Coupled water-carbon modelling at data-limited sites: a new approach to explore current and future agroforestry scenarios in Scotland

Agroforestry has been suggested as a promising Nature-Based Solution (NBS) due to its potential benefits including soil water regulation and carbon storage, both of which are expected to become increasingly more important under current climate projection scenarios. But it is unclear to what degree these benefits: (i) are likely to be realised individually; and (ii) may interact/counteract with one another. While common in the tropics, agroforestry in the UK and other temperate areas is still limited. Especially given the lack of data, predicting adaptability and optimising environmental benefits of agroforestry systems in temperate regions requires a parsimonious and robust coupled water-carbon modelling approach.

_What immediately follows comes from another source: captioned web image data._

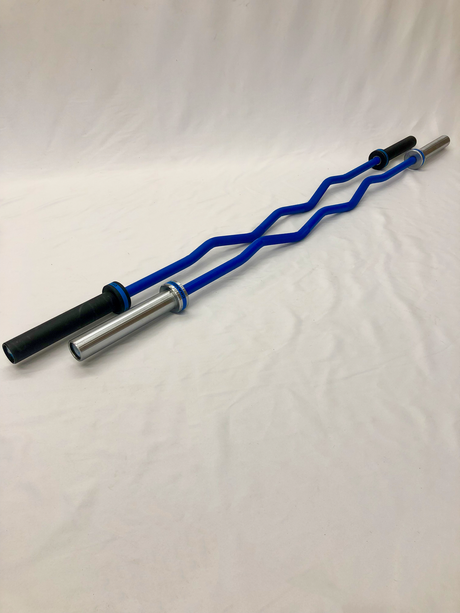 CF Rackable Cerakote EZ Curl Bar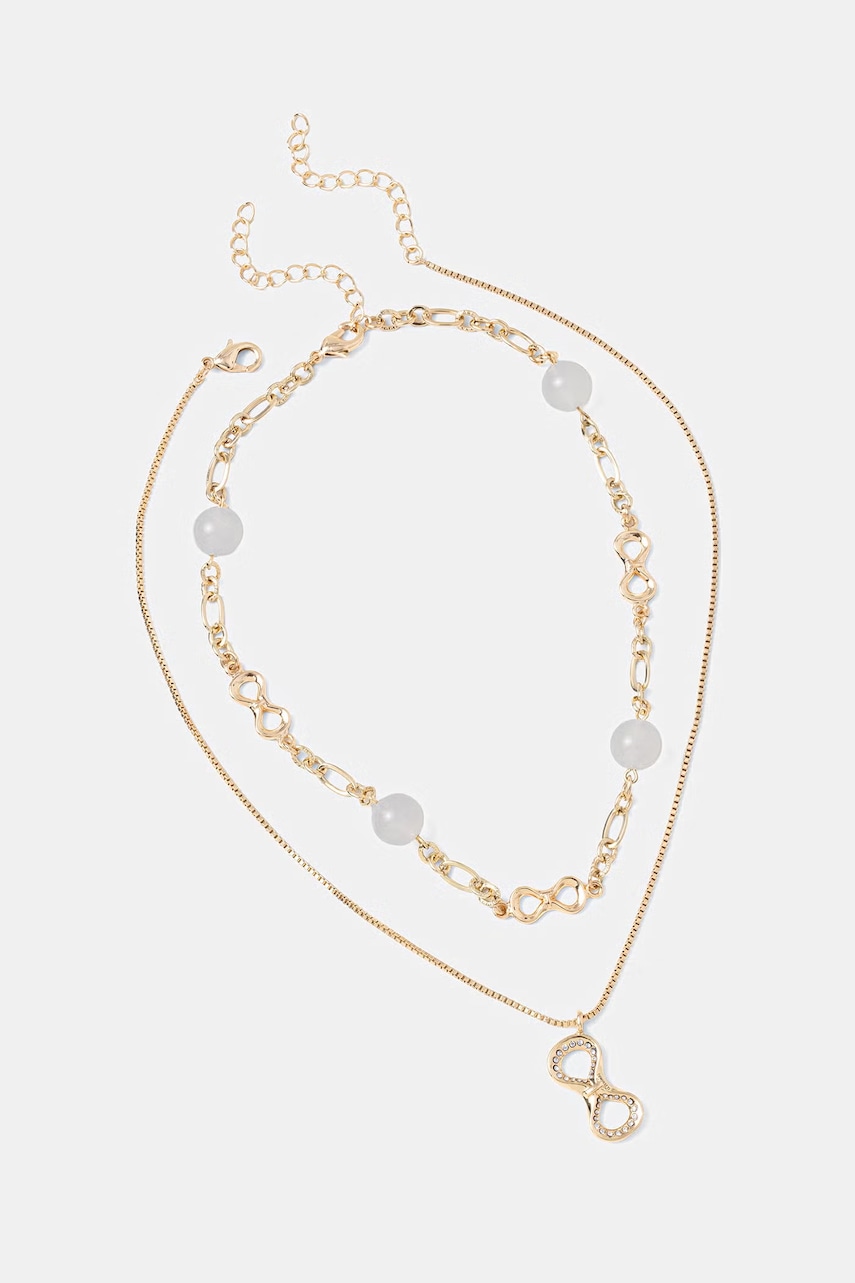 Κολιέ Twinset 2-pack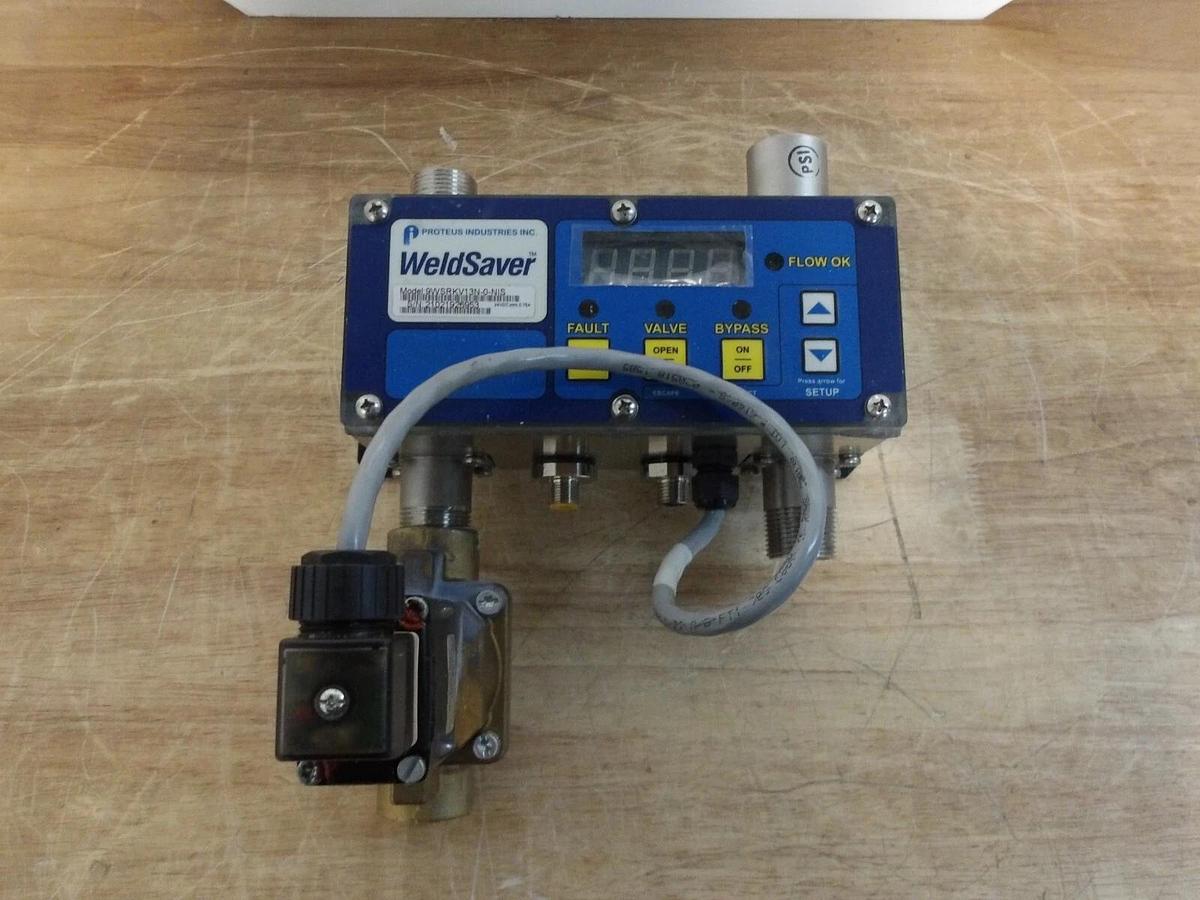 PROTEUS 9WSRKV13N-O-N1S WELDSAVER 6 FLOW CONTROLLER, #320843G NEW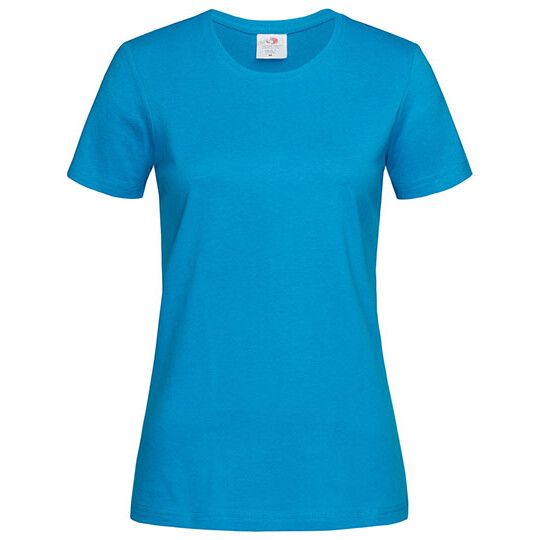 Classic-T Women - ocean blue-397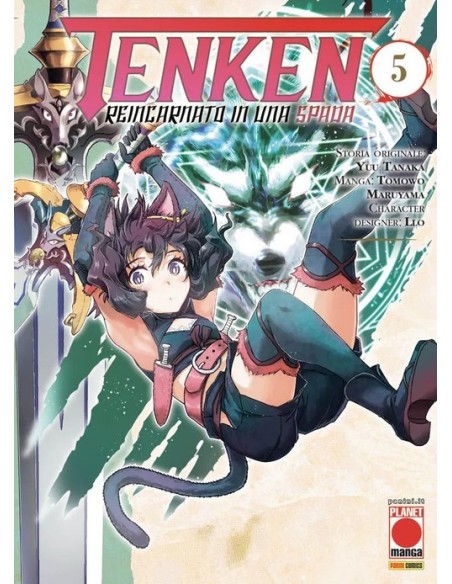 TENKEN REINCARNATO IN UNA SPADA 5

Soil carbon models typically tend to use simplistic soil moisture accounting (e.g., rainfall minus PET) and could yield considerably different predictions under more realistic soil moisture representations. However, while large-scale surface and above surface satellite datasets are now readily available, below-ground soil moisture datasets are either not available, not as accurate, or not on the same scale. This is particularly an issue in systems involving trees because they impact soils in general, but soil moisture in particular, at depths much greater than those covered by global satellites. Here, we present a new 1D ecohydrological model that encompasses the main soil-tree-atmospheric interactions while only requiring rainfall, potential evapotranspiration and surface soil moisture information for its calibration, making the model well-suited to be applied in conjunction with limited available datasets (e.g., those from satellites). We first demonstrate the ecohydrological model’s performance in profile soil moisture estimation using only surface information in a data-rich site in Scotland. We then couple this new model with the widely used RothC carbon model for an agroforestry site nearby. Our results show that CO₂ emission estimates by RothC change considerably when a more realistic soil moisture accounting is incorporated. Finally, we explore these effects under different agroforestry and future (50-year) climate projection scenarios to inform appropriate agroforestry designs.